So far, the arrangement of events and structure of environment as depicted by representation weren’t described in any detail, the discussion centered on relations between events in general. In the next several posts, I’ll explore a way of representing more concrete structural descriptions in form of events and rules of thumb. This will add another perspective on the process of inference, identifying correlates of representing multiple instances of object, recurring properties, process of creating new elements of representation in response to observing new variants of known objects, access to properties of objects in a scene, and so on. This perspective will also suggest more concrete form of representation, setting stage for a more close investigation of possible inference algorithms.
Frame representation is an expressive method for capturing the structure of a static scene, its components, relations between them, properties and generalizations. A scene in frame representation is described by frames, which contain a certain set of slots. Frames represent entities or classes of entities, and slots can be filled by one of multiple possible values, describing properties of these entities or relations between them.
Let the scene within a focus of attention be explicitly presented in form of an undirected graph, with labeled nodes and unlabeled edges. This form is sufficient to capture a frame representation of a scene, with reserved labeled nodes added to represent slots, frames, directed edges, and so on. I assume that the scene is presented in a fairly loose frame-like form, with restrictions for representation arising as necessary.
This graph is not the knowledge representation, but representation of a scene that knowledge representation needs to capture. This is a design requirement for the cognitive algorithm: it needs to be able to represent a scene with about this level of expressive power. Additionally, it needs to be able to perform various operations: inference, attention control, learning, reconstruction of the scene from low-level input, and so on.
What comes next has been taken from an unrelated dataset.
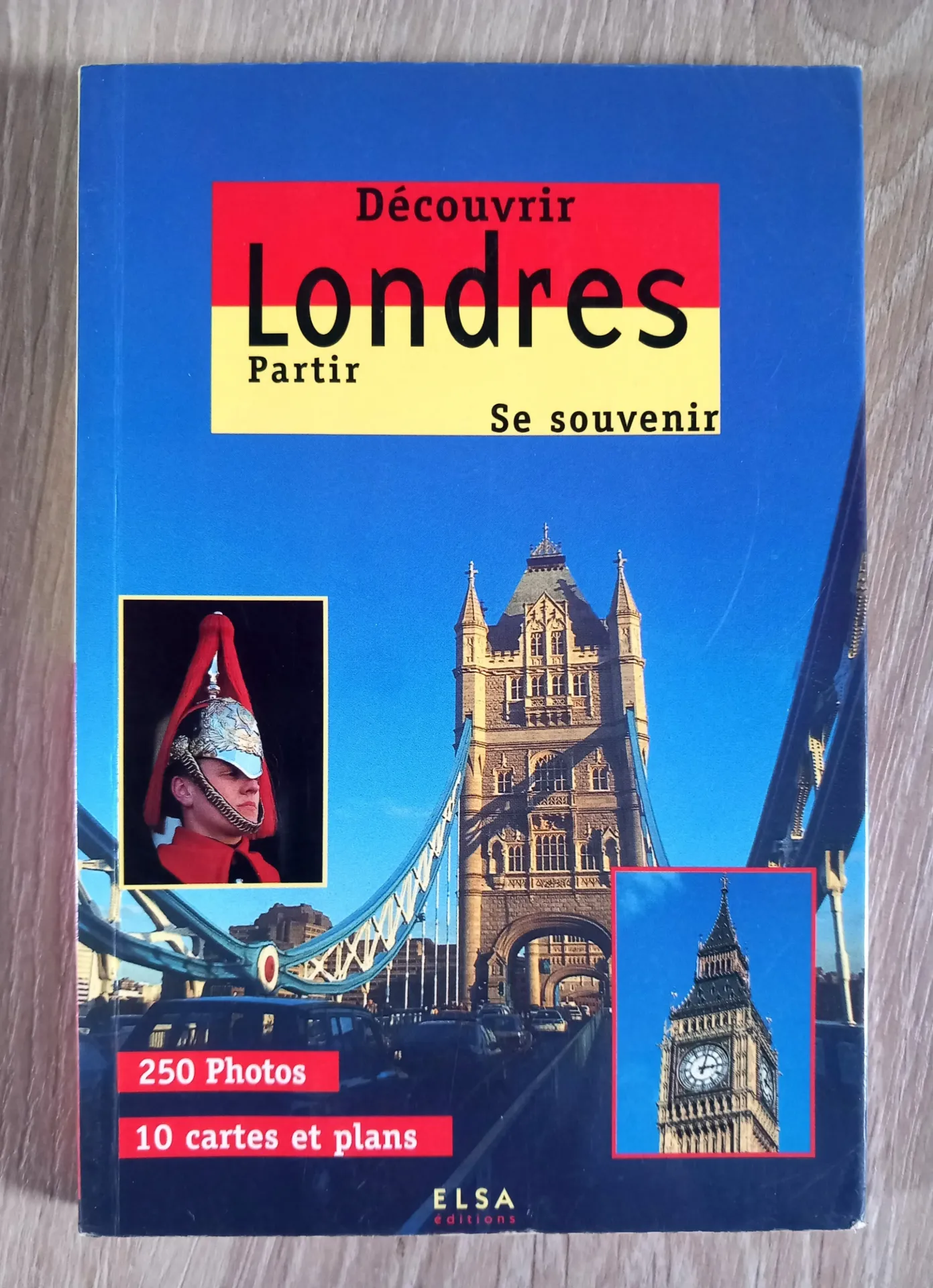 Découvrir Londres. Guide de voyage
Structural elements of a scene in this representation are described by subgraphs. Graph for the overall scene is composed of many such subgraphs linked together, specifying each other’s properties and relations. Setting one of the several alternative properties is reflected by attaching one of the several alternative subgraphs. A simple binary property can be represented by a single node, while a complex property that has internal structure or includes relations to other objects, is represented by a bigger subgraph. For example, form of an object can be described by a graph of its 3D surface mesh.
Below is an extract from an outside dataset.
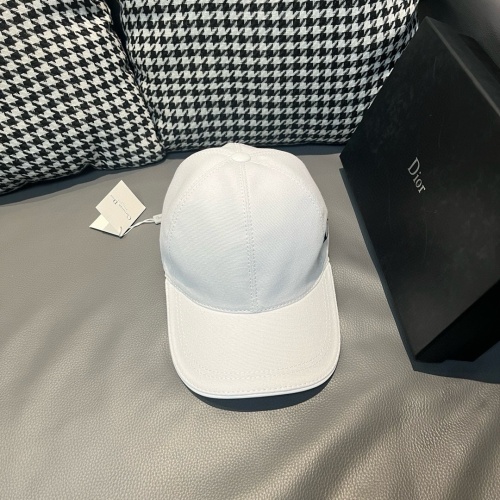 Replica Christian Dior Caps #1250563 $34.00 USD for Wholesale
Scene graph represents a focus of attention, highlighting a particular view of environment, on particular levels of description. Different scene graphs can capture different parts of environment, including its state at different time. The same object can be represented at overlapping levels of granularity or considered from different perspectives. Relations between properties captured by different scenes can be made a central element of another scene. Thus, scene graph is an open-ended representation that can be extended indefinitely, by elaborating particular details, adding new entities, establishing relations with additional entities, and shifting to different levels of description. An object represented by a single node can be expanded to a subgraph having many properties, and conversely a subgraph can be collapsed to a one-node summary.